Kamala Harris wins her home state of California, CBS News projects
Vice President Kamala Harris has won her home state of California, CBS News projects, handily securing the state's 54 electoral votes, the most of any state.
If elected president, Harris would notch several firsts, becoming the first woman president, and the first Black and South Asian woman to be elected president in U.S. history, capping a a political trajectory that began in the San Francisco Bay Area.
Harris was born in Oakland and went to school in Berkeley before attending high school in Montreal, Canada, where her mother worked as a breast cancer researcher. She graduated from Howard University in Washington, D.C., and returned to the Bay Area where she obtained a law degree at UC Hastings College of the Law in San Francisco in 1989.
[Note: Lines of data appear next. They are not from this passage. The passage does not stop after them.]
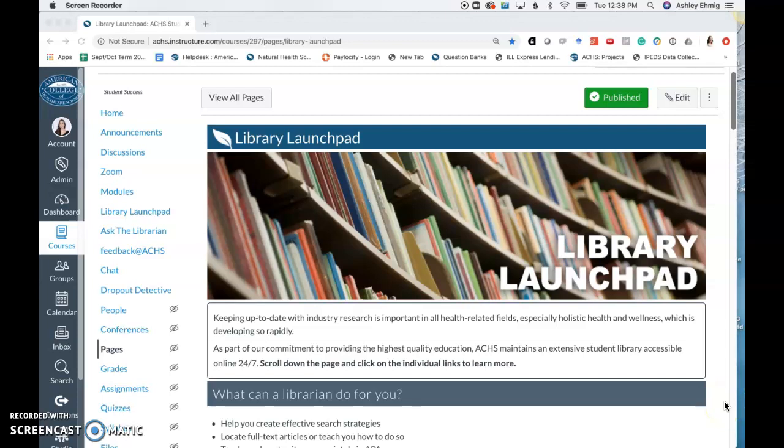Hello everyone, my name is Ashley Amig and I'm the Director of Library Services and Instruction here at ACHS.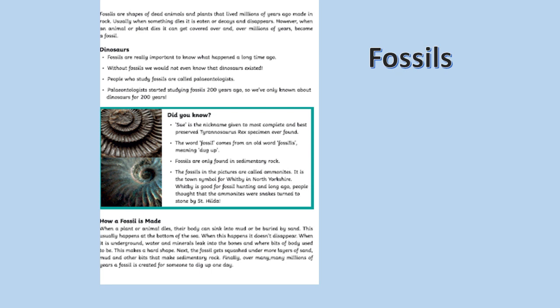Did you know? Sue is the nickname given to the most complete and best preserved Tyrannosaurus Rex specimen ever found.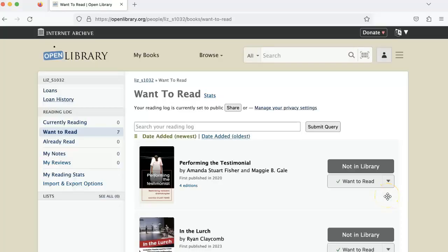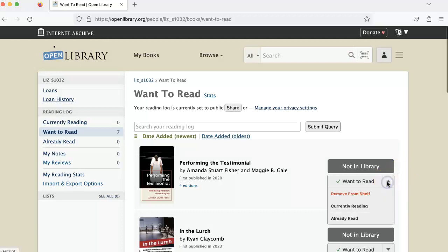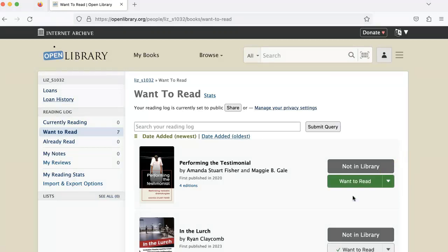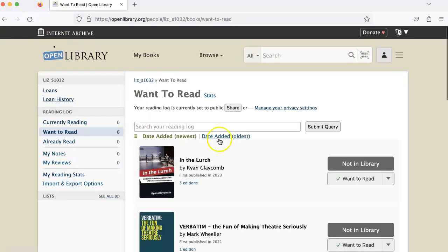Let's say you want to remove a book from your reading log completely. There are two ways to do this. The first is to click on the drop-down and then click remove from shelf. Then, when you refresh, you'll see that the book is no longer in your reading log.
Her political career began in 1990 when she was hired as a deputy district attorney for Alameda County. In 1998, Harris became assistant district attorney in San Francisco and in 2003, she was elected as district attorney, beating out her former boss and becoming the first person of color elected as the city's top prosecutor.
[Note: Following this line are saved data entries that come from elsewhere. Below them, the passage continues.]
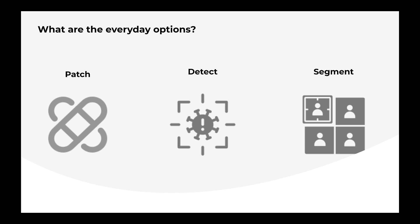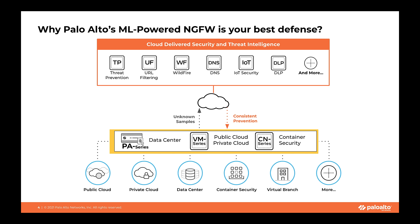So the only way to detect and block such exploit is to inspect that encrypted level 7 traffic that's hitting a specific open port. This is where Palo Alto Network's ML powered next-gen firewalls combined with cloud delivered security services is your best defense in depth option.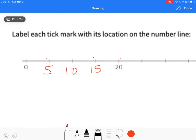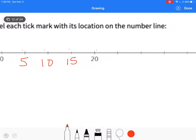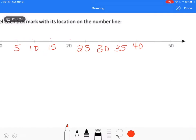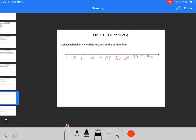5. So that tells me I'm counting by fives, so that would make this 25, 30, 35, 40, 45 — and it all fits in.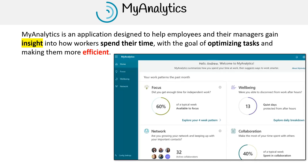Hey, this is Andrew Brown from ExamPro and we'll be talking about the analytical capabilities of MyAnalytics. MyAnalytics is an application designed to help employees and their managers gain insight into how workers spend their time, with the goal of optimizing tasks and making them more efficient.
Harris was elected California's first female, Black and South Asian attorney general in 2010 and won the race for California Senator against former Rep. Loretta Sanchez in 2016. She ran for president briefly in 2020, and was later selected by the eventual Democratic Party nominee Joe Biden to be his running mate.
With Biden's election, Harris became the first Black and Asian American vice president, as well as the highest-ranking female government official in U.S. history.
The last time a Republican presidential candidate won the state of California was in 1988 with the election of George H.W. Bush.